My Thoughts about Access Point
Access Point is one gripping read, to say the least. When Tom Gabbay contacted me to read his new book, I was intrigued right away by the description. Crime thrillers are right up my alley and learning that technology plays a role in figuring out a murder interested me further. So many readers will relate to Mia, an American art student who currently lives abroad in London looking for a fresh start after a bad relationship. As someone who left her own hometown to do the same, that is a difficult decision to make. Once I learned Mia found a roommate like Ula, it tricked me into thinking she was safe. Then Mia gets murdered! I had to believe it wasn’t who she just met, then Gabbay pulls you in even more by showing how dedicated Ula is to figure out who the murderer is.

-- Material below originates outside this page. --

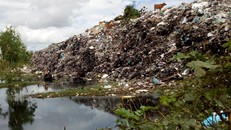 Bãi rác tự phát hơn 10 gây ô nhiễm môi trường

Ula is a great character. I loved how real she was rather than your stereotypical detective-like character. Along with Ula being a savvy and skilled investigator, Gabbay includes her personal life into the story. Ula’s dreadful bike accident that left her in a coma for several months shows why she is so sympathetic to Mia’s tragic incident. As someone who once found herself looking for roommates and ended up living with a friend of a friend of a friend, it can be very unsettling letting someone you hardly know into your life, let alone your own residence. It is strange how quickly you find yourself connecting to your peculiar new roommate. That is another element of Ula that I liked. The true-to-life relationships are terrific!
One thing that I appreciated about Access Point is how formulated structural it is. I find that writing a crime thriller comes with its own set of challenges. If an author gets too excited about getting to the end, the story falls apart and I get lost. Although there were some points where I needed to backpedal, the majority of the book’s twists and turns were clear and kept me on the edge of my seat. It is clear that Gabbay took his time to outline the story, something that I feel is a must or else you do get a plot that falls apart. The technology information confused me, but then again, I’m not someone who works in tech. Despite my lack of technical knowledge, it made sense in the end. If that makes any sense. So, for those of you who are like me, I can say you will enjoy this part of the story.
I downloaded the audiobook version and recommend enjoying Gabbay’s book in that form. Hannah Chinn does a fantastic job bringing life into Access Point. It is a quick listen at 5 hours and 33 minutes. Its compelling storyline and fast-paced style had me finishing it while cleaning the house.
Wildly imaginative! Wonderful characters. Interesting plot. Vivid descriptions. Simply a GREAT read!